Robot Perception: Did we get it all wrong?
Abstract: Small birds and insects navigate complex environments using milliwatts of power. Why, then, do robots require dense 3D maps and GPUs to navigate and still fall short? Autonomous robot navigation remains dominated by compute-heavy perception pipelines that scale poorly to small, agile platforms. Biological systems take a fundamentally different approach: they leverage physics and structure in the sensing process itself to extract only task-relevant information for action. In this talk, I present a fundamentally novel view of robot perception, which I call passive computation. By leveraging optical, physical, and structural cues already present in sensory data, navigation-relevant information can be extracted before any algorithmic processing. I show for the first time that such passive perceptual cues are sufficient for reliable navigation, even in visually degraded and completely dark environments. This work argues for a shift from compute-centric perception toward sensing-driven intelligence, where physics performs the first and most efficient stage of computation.

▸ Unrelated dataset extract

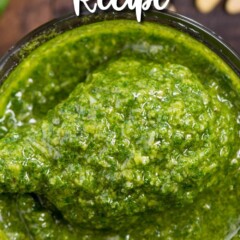 jar of pesto with spoon holding some and words on photo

Bio: Deepak Singh is a Ph.D. student at Worcester Polytechnic Institute, working with Prof. Nitin J. Sanket in the Perception and Autonomous Robotics (PeAR) Group. Deepak’s research focuses on low-power perception and navigation for aerial robots, with an emphasis on neuromorphic sensing, embodied AI, and the intersection of optical physics with robot perception. He holds a Bachelor’s degree in Electronics and Communication Engineering from NSIT, Delhi, India. Before beginning his Ph.D., Deepak worked across academia and industry on a broad range of topics, including autonomous robots, computer vision, large language and speech models, and 3D graphics.